May 20, 2021 – Disgraced former Youngstown (OH) mob don Lenny Strollo died of natural causes this week at the age of 91, living quietly in the shadows of his old mafia kingdom forced to wear the scarlet letter of a cooperator. Strollo was the final mob boss in Mahoning Valley history. He became a government witness in 1997 after an arrest for racketeering and murder and helped state and federal officials make dozens of convictions, which effectively put an end to the mob rule in the area for good. The cooperation he provided got his prison sentence shaved down to just 13 years and Strollo walked free — and back to Youngstown – in 2010.

Youngstown was dubbed “Crimetown USA” or “Bombtown USA” for its rampant mob violence in the 1960s and 70s. The territory was shared by Cleveland and Pittsburgh crime families and tensions between the two groups ebbed and flowed through the decades. By the time Strollo was taking power, the Cleveland mob’s presence in the Mahoning Valley barely existed, if at all, leaving the whole region ripe for the taking by the Pittsburgh group.

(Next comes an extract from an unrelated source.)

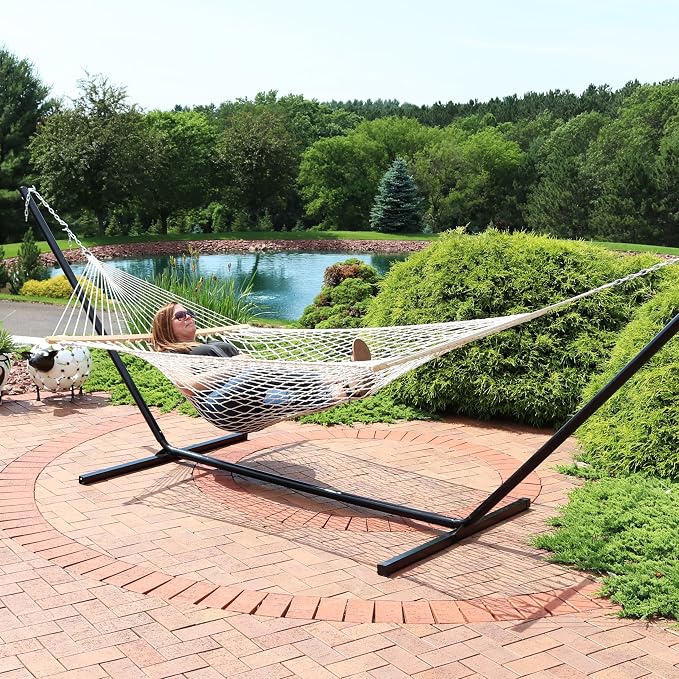 Sunnydaze Cotton Rope Hammock for Outside - 450-Pound Capacity Indoor or Outdoor Hammock with Spreader Bars - Natural - Image 8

Strollo’s run as boss of the Youngstown mafia began in the late summer of 1991 with the murder of his mob rival in the area, Joseph (Little Joey) Naples. His reign continued the tradition of deeply embedded ties into the local justice and political system and made alliance with the region’s African-American underworld.

Before he became skipper of the Pittsburgh mob crew in Youngstown, Strollo oversaw the cash-cow All-American Club, a massively profitable backdoor casino located in Campbell, Ohio, on behalf of his mentor, Mahoning Valley mafia capo Vincent (Brier Hill Jimmy) Prato. Strollo’s inner-circle was a rogue’s gallery of cartoonish gangland characters from different ethnic backgrounds, including his brother Danny, Larry (Jeep) Garano, Bernard (Bernie the Jew) Altshuler and Jeff Riddle, the self-proclaimed “Black John Gotti.

Both Strollo and Little Joey Naples were inducted into Pittsburgh’s mob family in a 1987 ceremony, according to court records. Brier Hill Jimmy Prato is alleged to have sponsored them. When Prato retired shortly thereafter, Strollo and Naples began feuding.

Naples was killed by a sniper’s rifle on a piece of property he was building a house on in August 1991. Naples’ brothers were all slain in the Youngstown mob wars of the 1960s.

Strollo ordered the murders of Naples’ right hand man, Ernie Biondillo, mob associate Larry Sisman, defense attorney Gary Van Brocklin (a one-time state prosecutor) and Mahoning County State’s Attorney, Paul Gains, in the years that followed. Van Brocklin and Gains survived their attacks. Biondillo, who was gunning for Strollo’s job as crew boss, and Sisman, an “Ernie B,” loyalist and strip-club owner, weren’t as lucky.

In order to “make his bones,” Strollo lured Youngstown mob figure Charles (Charlie the Crab) Carabbia to his murder in 1980, per FBI informant files. Carabbia and his two brothers were the Cleveland mafia’s Mahoning Valley representatives at the time. Charlie the Crab’s body has never been recovered. Orlando Carabbia just died last month.